Supercomputing today has turned its vision into more reliable directions such as: 1. Power efficiency or eco-friendly 2. Affordable computing for all 3. Heterogeneous system architecture 4. Free or open-source software 5. Balanced systems or in other words achieving low TCO. In a single sentence “to achieve High Bytes/Flops” in addition to just flops only.
Achieving a balanced system has been the initial goal for the best designers of supercomputers from the past (“Anyone can build a fast CPU. The trick is to build a fast system.”: Seymour Cray). This is in contrast to the much recent past of just achieving fast TFLOPs and not being shy of becoming a power hungry system.
Various presentations from weather, oil and gas, DoD and DoE at conferences and workshops have revealed that for earth system prediction requires balanced computing or high bytes per flops. However, vendors have been focusing on the petaFLOPs while neglecting the other important parameters.
The reason for the new reliable direction is both for business and our environment is because current humans is a generation of scientists from an early age. Huge amounts of information or data through open source on internet is available for all to experiment, invent something new and betterment of the human race and our planet. For performing these experiments, supercomputers today in the modern form are available from clouds or data centers to accelerators cards in the desktops or laptops for all. However, it is the responsibility of the system designers to provide it at a cost, power, form factor and speed with accuracy, which does not affect the very reason it is used: to prevent or global warming.
For example, in a typical modern day, as we pull out our mobile phones every morning to check the weather today or price of oil, market trends etc., the huge demand from these compute intensive and data intensive applications to deliver fast and accurate results is the basic expectation of the user.
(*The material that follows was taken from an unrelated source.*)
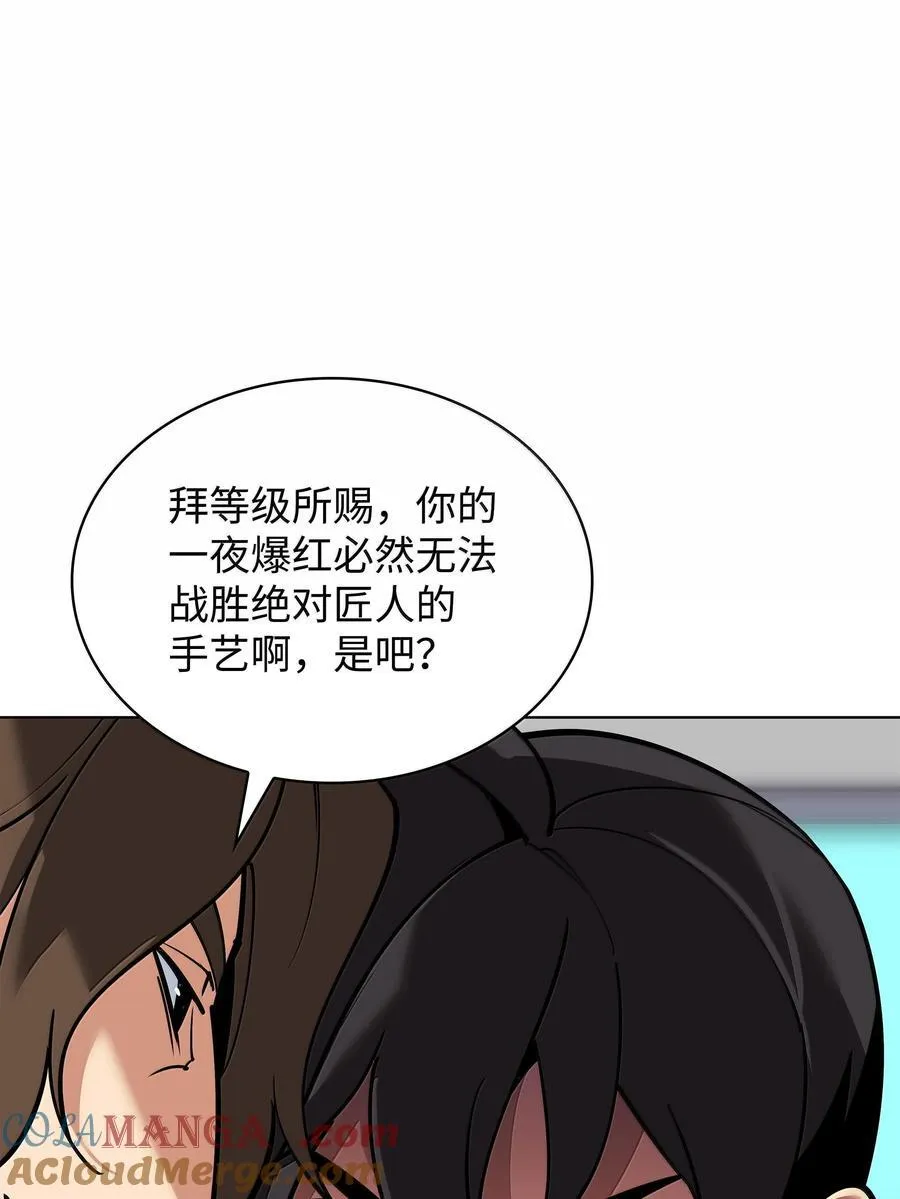220 扔给蠢货的挑战书 第77页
In another news section, we also get to read the effect of use of fossil fuels for generating power, running supercomputers and moving cars or emissions is degrading the climate health of our planet or “Weather supercomputer used to predict climate change is one of Britain’s worst polluters”.
The goal is of achieving best performance or accuracy, speed and efficiency with availability to all is the need of the hour. The challenge is taken up by two major architectures existing today, scalar and SIMT or GPUs. Both have a huge capability of becoming massively parallel or fast systems to overcome the mentioned challenges. Ironically, the software or algorithms required to run over these architecture do not follow the rules of parallelism strictly. A typical algorithm or software is a mix of sequential and parallel codes. This inhibits the architectures to show work on its full potential. But the scalar as well as SIMT or GPUs have exactly evolved for this situations by adopting SIMD or pipelined architecture or Vectors on their chips. It is the oldest and well proven form of achieving parallelism or fast system in an environment, where algorithms have a mix of sequential and parallel operations or codes. In other words, it all started with vectors and will continue to be vectors for achieving fast systems.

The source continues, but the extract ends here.